And I have to say, kindergarten was kind of fun.  We played games, we chased each other on tiny bicycles in the courtyard, we learned about animals, and we took a nap!  I remember that the night before my sister had succeeded in frightening me with the news that I would be in school for the next thirteen years.  I don’t know what she was all worked up about.  I could so do this for thirteen years.

Before that reality check would arrive on day one of the first grade (Desks?  Math?  No nap time? Have I been sent to a Gulag?) , I had another one waiting for me.  Being the early seventies, the California education system had embraced a theory called “essentialism.”  Essentialism was the view that there were no inherent behavioral differences between boys and girls, that gender roles were 100% socially constructed, and that both sexes were “essentially” the same.  All we had to do was educate our children in an enlightened way, and these sexist and oppressive gender assumptions would be gone in a generation.  A Utopian idea (that would eventually require its own reality check), but what it meant for me was that boys and girls would be partnered up and working together at an activity normally associated with a specific gender role.  Today, we would be cooking something in the kitchen, and I was partnered with Lori Saunders.

I don’t remember what it was we were supposed to cook (with an EZ Bake Oven, no doubt to allay safety concerns), but I remember Lori vividly.  She had pig tails and wore a blue polka dot dress–the kind of thing mothers and aunts and grandmothers would see at Osh Kosh, and react with a deafening chorus of cooing.  Lori introduced herself–and shook my hand!  She instantly learned my name!  Oh my God, she was talking to me!

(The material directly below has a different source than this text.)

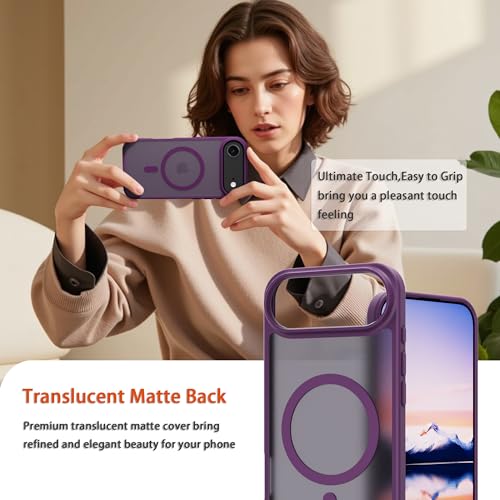 Image of Magnetic for iPhone 17 Air Phone Case, [Compatible with MagSafe], Screen Protector X1, [Military Grade Drop Protection],Matte Finish,Slim,Shockproof,Protective (Deep Purple, iPhone 17 AIR)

To be honest, she pretty much talked nonstop.  She clearly required no conversational input from me, and I was happy to oblige.  Unlike my constantly talking sister, though, Lori’s chatter wasn’t as irritating as a swarm of gnats on a humid summer night.   If it was possible to be smitten at age five, then I was smitten.

Clearly an expert on the EZ Bake Oven, I listened transfixed as she explained to me the device’s many mechanical nuances, a litany of what she had baked with the help of the amazing sixty watt light bulb, and who in her family had enjoyed these treats the most.  Then, there was a pause–she probably needed to breathe–and she fell silent.  Lori stared at me a moment, clearly expecting me to pick up my cue and begin speaking.  Uh-oh.  I didn’t want to talk and have her hear my stammer.  What if she laughed?  What if she made fun of me?  Or worse–what if she looked at me with pity?

Her mouth curled into a kind smile, and I knew instantly what I had to do.  Most five year old boys, I suspect, didn’t know moments like this existed, but most five year old boys didn’t spend Sunday mornings with their fathers watching old black and white movies they didn’t fully understand.  But I understood enough to realize that Lori Saunders, just like all those equally beautiful movie starlets, wanted me to kiss her.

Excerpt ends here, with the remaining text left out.